Oh come on Harley, we can do better than that!  Feeler gauges? Stihl gauges? GEEZ! Whats up with this place???? Just use a friggin business card placed between the magnets and the flywheel, tighten it down and be done with it!


----------



## HarleyT (Dec 17, 2018)

Yeah, I kept out of all of that.
I think the O.P. has problems elsewhere, if he thinks that the gap has anything to do with his saw problem.....


----------



## shona13 (Jun 17, 2020)

Huntaholic said:


> Oh come on Harley, we can do better than that!  Feeler gauges? Stihl gauges? GEEZ! Whats up with this place???? Just use a friggin business card placed between the magnets and the flywheel, tighten it down and be done with it!

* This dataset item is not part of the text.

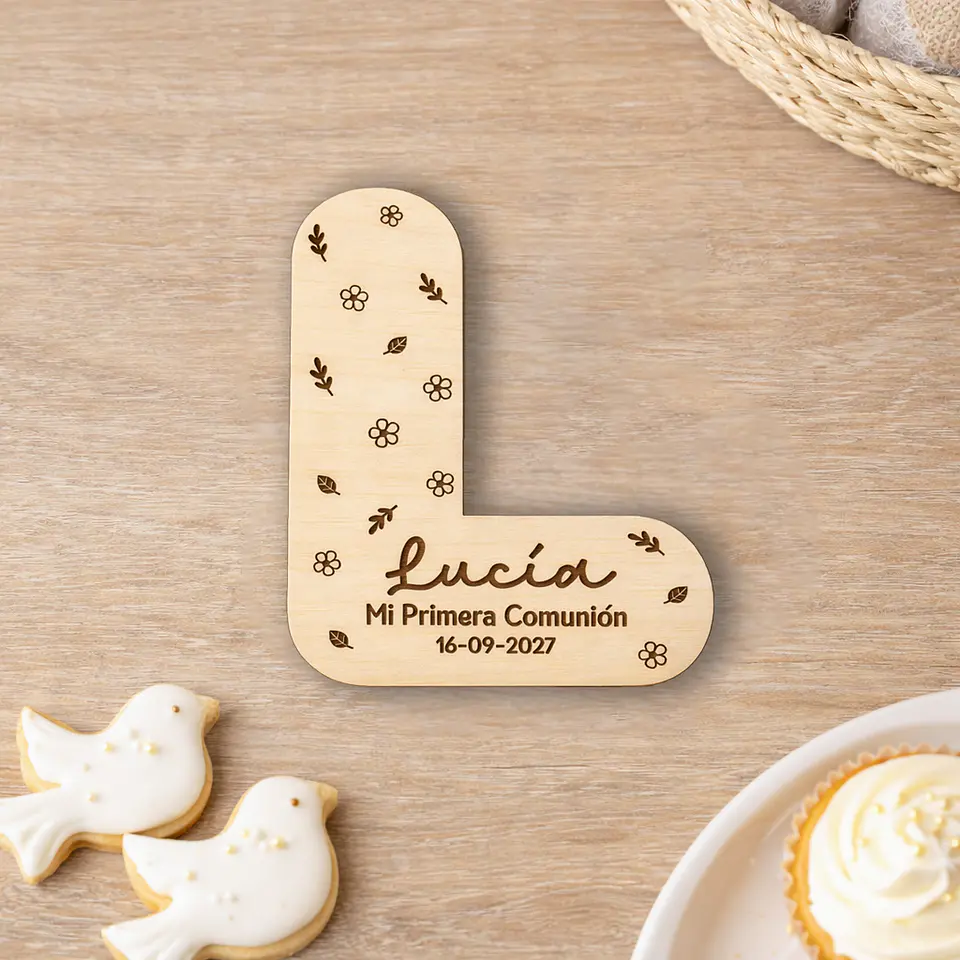 Inicial madera con imán 2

I normally use a business card but in the past I have had chainsaws that were hard to start and after bringing the air gap down the saws start better,just my two bobs worth.
Stay safe.


----------



## HarleyT (Jun 18, 2020)

Huntaholic said:


> Oh come on Harley, we can do better than that!  Feeler gauges? Stihl gauges? GEEZ! Whats up with this place???? Just use a friggin business card placed between the magnets and the flywheel, tighten it down and be done with it!


Now that it is 2020, we now refer to them as "feelings" gauges......


----------



## shona13 (Jun 18, 2020)

HarleyT said:


> Now that it is 2020, we now refer to them as "feelings" gauges......


Rrrright !


----------